In fact, Hyatt management continually cuts staff and increases workloads at all their hotels. As a result, the chain had the highest injury rate for housekeepers last year in an academic study of 50 major hotels published by the American Journal of Industrial Medicine in February 2010.
Actually, since the late 1980s, the hotel industry as a whole has steadily reduced employees. The union reports that in 1988, nearly 71 workers were employed to service 100 occupied guestrooms. Last year, that number was down to 53--a 25 percent reduction.
This is why the industry is poised to make big profits. Occupancy rates are increasing while the workforce is not. "Expense reductions have been so dramatic at both the property and corporate level that even a modest pick-up in...growth should lead to outsized profit gains," according to an analysis by Goldman Sachs.
The union is sending a clear message, stall negotiations and there will be increased national coordination of demonstrations, civil disobedience actions and boycotts. This is in addition to the strike weapon, which San Francisco Local 2, whose contracts expired in August 2009, has used both judiciously and effectively.
That local, with 9,000 members, has a long history of mobilizing both its members and community allies. It has already successfully employed several three-day strikes of targeted hotels, numerous lobby protests by workers on lunch breaks and frequent "all-day, all-night picketing" of eight boycotted venues.

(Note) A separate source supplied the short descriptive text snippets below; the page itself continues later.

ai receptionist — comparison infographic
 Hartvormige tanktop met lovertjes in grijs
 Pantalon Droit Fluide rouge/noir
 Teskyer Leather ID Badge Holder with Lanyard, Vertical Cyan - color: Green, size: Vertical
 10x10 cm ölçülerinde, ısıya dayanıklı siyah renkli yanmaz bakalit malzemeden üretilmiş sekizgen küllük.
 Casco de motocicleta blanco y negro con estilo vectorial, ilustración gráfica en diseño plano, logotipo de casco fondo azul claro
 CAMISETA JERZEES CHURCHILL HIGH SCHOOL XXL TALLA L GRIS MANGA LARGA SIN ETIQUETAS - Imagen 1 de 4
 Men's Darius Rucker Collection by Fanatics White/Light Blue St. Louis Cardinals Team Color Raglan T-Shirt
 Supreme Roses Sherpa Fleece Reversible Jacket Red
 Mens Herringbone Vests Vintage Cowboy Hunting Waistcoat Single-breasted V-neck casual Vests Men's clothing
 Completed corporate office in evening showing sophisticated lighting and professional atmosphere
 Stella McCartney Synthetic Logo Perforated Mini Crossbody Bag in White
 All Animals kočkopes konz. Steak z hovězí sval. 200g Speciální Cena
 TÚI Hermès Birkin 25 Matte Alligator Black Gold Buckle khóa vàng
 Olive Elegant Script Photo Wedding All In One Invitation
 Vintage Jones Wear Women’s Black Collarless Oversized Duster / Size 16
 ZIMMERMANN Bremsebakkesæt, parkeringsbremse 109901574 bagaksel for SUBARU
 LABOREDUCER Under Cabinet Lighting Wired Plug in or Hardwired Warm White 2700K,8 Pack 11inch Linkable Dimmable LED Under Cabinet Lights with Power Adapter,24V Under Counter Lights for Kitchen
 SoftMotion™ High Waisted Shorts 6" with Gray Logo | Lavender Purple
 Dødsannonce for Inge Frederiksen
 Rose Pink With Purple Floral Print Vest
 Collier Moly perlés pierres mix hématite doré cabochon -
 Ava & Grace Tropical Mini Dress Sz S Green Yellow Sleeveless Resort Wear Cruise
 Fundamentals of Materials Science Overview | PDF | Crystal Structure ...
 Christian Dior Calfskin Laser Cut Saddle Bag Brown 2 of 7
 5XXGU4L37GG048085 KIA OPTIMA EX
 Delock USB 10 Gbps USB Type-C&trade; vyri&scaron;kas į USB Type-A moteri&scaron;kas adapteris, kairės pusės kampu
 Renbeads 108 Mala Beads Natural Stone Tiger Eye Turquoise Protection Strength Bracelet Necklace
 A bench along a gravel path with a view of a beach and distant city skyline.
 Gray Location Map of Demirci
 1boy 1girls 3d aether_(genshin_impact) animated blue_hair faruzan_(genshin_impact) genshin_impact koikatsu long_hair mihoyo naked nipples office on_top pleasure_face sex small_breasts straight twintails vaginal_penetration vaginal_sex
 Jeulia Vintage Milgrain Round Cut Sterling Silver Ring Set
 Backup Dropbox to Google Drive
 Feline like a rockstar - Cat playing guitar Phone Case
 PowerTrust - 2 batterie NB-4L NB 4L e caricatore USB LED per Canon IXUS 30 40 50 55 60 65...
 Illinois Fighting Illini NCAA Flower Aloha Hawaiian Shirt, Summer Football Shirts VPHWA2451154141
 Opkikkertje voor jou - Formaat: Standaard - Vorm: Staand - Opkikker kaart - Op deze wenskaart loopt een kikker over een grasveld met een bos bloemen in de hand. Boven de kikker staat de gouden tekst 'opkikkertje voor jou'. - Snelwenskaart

Yet at the same time, the union is conscious that victory is more difficult fighting alone in one city, no matter how bold or militant. Members are also very clear about this from their experiences dealing with these giant investment conglomerates who have continuously rebuffed local efforts to achieve a decent contract.
"These are multi-national corporations, so, standing together with workers in other cities is key to defending our livelihoods," said Local 2 Press Coordinator, Riddhi Mehta.
Thus, the stage is set for more national clashes between the hotels and labor, in the most old-fashioned of ways, with each mobilizing its own precious resources; one measured in cash, the other in people. Only this time, hotel workers have turned their adversaries' chief weapon against them--more management stalling of negotiations locally means more union allies coming onboard nationally.